Wow, did I have a weird dream about Jeff’s mom this morning. I know it was inspired by a phone call from her yesterday, but it disturbed me. When she called yesterday, she was clearly not doing well. She has multiple sclerosis and in the past ten years or so it has really had its way with her cognitive functions. Jeff said she could barely finish a sentence, often didn’t, and I know when I listened to her voicemail she sounded very confused.
In my dream she suffered a delusional breakdown and Jeff and I had to go attend to her. When Jeff called her on the phone, she whispered to him, calling him some “code name” and was extremely paranoid that the people in her assisted living facility were out to get her. What’s more, she believed that her dad, who died in 1996, was actually alive and hiding from her in Germany, so she was going to go there and find him. Jeff had to give her some kind of injection to put her to sleep so the staff could care for her. The assisted living facility bore a strange resemblance to the resort we recently visited in Jamaica.
This may be the first time I’ve ever dreamed about Jeff’s mom.
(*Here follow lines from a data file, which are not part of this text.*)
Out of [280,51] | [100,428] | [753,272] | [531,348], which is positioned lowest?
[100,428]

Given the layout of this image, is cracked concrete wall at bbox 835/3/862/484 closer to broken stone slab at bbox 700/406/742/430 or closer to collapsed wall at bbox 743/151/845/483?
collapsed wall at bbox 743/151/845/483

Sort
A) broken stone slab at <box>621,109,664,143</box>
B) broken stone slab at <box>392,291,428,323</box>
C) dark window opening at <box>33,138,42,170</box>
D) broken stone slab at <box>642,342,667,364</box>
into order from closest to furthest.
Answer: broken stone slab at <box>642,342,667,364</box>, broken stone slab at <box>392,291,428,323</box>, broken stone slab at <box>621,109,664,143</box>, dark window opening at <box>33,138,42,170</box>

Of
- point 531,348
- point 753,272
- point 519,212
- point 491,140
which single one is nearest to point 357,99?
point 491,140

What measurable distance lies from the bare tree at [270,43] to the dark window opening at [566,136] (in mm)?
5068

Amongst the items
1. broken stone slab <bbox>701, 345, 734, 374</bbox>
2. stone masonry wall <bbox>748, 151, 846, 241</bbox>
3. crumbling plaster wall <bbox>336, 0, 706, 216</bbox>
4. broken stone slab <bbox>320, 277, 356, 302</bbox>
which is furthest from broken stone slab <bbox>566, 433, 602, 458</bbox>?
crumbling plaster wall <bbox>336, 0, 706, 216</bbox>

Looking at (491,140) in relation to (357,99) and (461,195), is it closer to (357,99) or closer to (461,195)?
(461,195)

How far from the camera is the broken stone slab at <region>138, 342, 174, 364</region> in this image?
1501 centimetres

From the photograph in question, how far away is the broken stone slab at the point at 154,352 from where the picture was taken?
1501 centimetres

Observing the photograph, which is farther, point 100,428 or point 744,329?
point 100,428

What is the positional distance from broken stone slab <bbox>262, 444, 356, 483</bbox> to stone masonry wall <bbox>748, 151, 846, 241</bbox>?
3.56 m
In other news, it appears I spoke too soon about the horrid illness leaving the house. In addition to a crappy bout of insomnia which left me up till well after 3AM this morning, when I did wake up at 8, I had a horrible sore throat and my right ear was again both aching and deaf. I’ve taken tylenol and a decongestant in hopes of fending it off. I am avoiding the doctor. I should probably really consider why.